Pointers in C++ strict mode

Strict mode for C++
Early draft proposal

Pointers in strict mode

Introduction

This is a very early draft of a proposal for a memory-safe "strict mode" for the next major revision of C++. The goal of "strict mode" is to provide "memory safety", preventing code from damaging objects in memory via bad pointers, without imposing excessive overhead, adding garbage collection, or changing the C++ programming model unnecessarily.

Memory safety issues revolve around pointers. Pointers in strict mode come in a number of generic types, representing the various ways in which pointers are commonly used.

Generic types of pointers in strict mode

Syntax for a smart pointer template library is suggested below. This syntax is primarily for discussion; we are not proposing a specific template library, only requirements for safe ones.

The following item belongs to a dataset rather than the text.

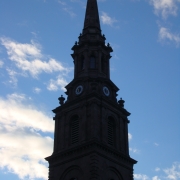 Arlington Street Church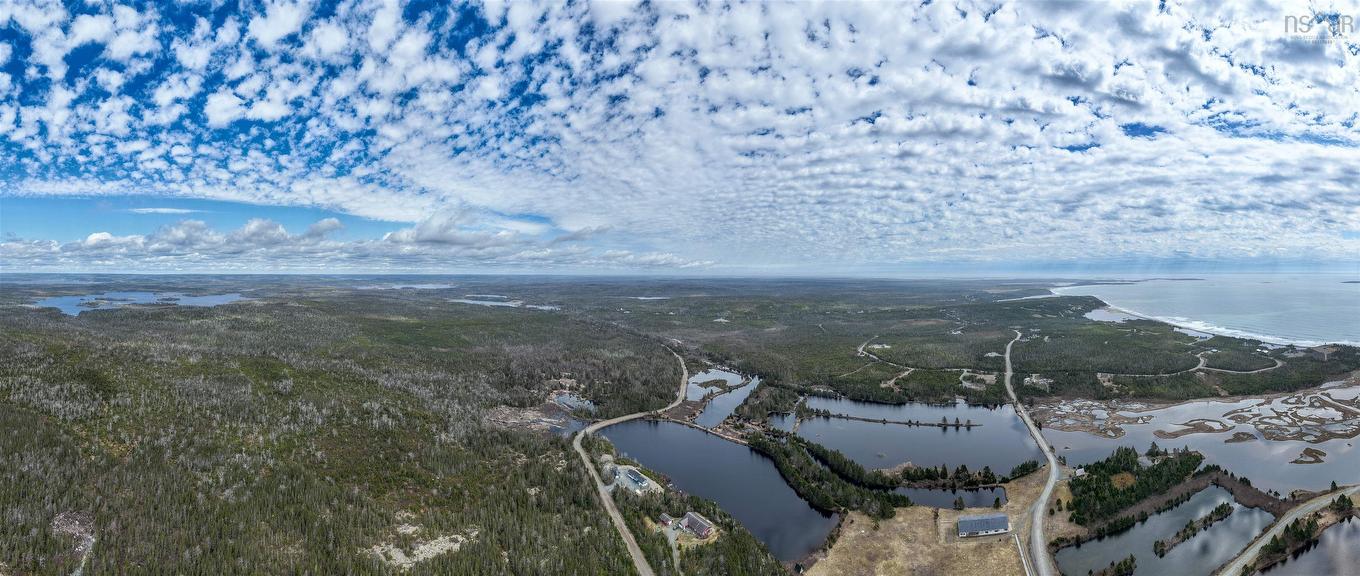 0 Nebooktook Walk, Clam Bay, NS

Description	Syntax	Assignment semantics	Can be NULL?	Reference count update?	Safe?
*Pointers and references*
Strong reference	strong_ref<T>	Normal	No	Yes	Yes
Strong pointer	strong_ptr<T>	Normal	Yes	Yes	Yes
Weak pointer	weak_ptr<T>	Normal	Yes	Yes (weak count)	Yes
Temporary reference	auto T&	Only from object of larger scope.	No	No	Yes
Temporary pointer	auto T*	Only from object of larger scope.	Yes	No	Yes
*Iterators*
Strong iterator	strong_iterator<T>	Normal	No	Yes	Yes
Temporary iterator	iterator<T>	Only from object of larger scope.	No	No	Yes
*Compatibility with legacy code*
Old-style reference	T&	Normal	Yes	No	No
Old style pointer	T*	Normal	Yes	No	No

The naming and syntax suggested is for discussion, and can probably be improved upon.

Strong Pointers and references

Strong pointers are reference-counted smart pointers, similar to "smart pointers" commonly used with C++. When the last strong pointer to an object goes away, the object's destructor is called and the object is deallocated. The destructor must be called when the last strong pointer goes away, not at some later time. This implies a reference-counted implementation, rather than a garbage collector.

Smart pointers have a good history in C++. The main problems are overhead, exception safety, thread safety, and compatibility with legacy code. Some of those issues are dealt with below.

Consistent with existing C++ semantics, strong pointers can be null; strong references cannot.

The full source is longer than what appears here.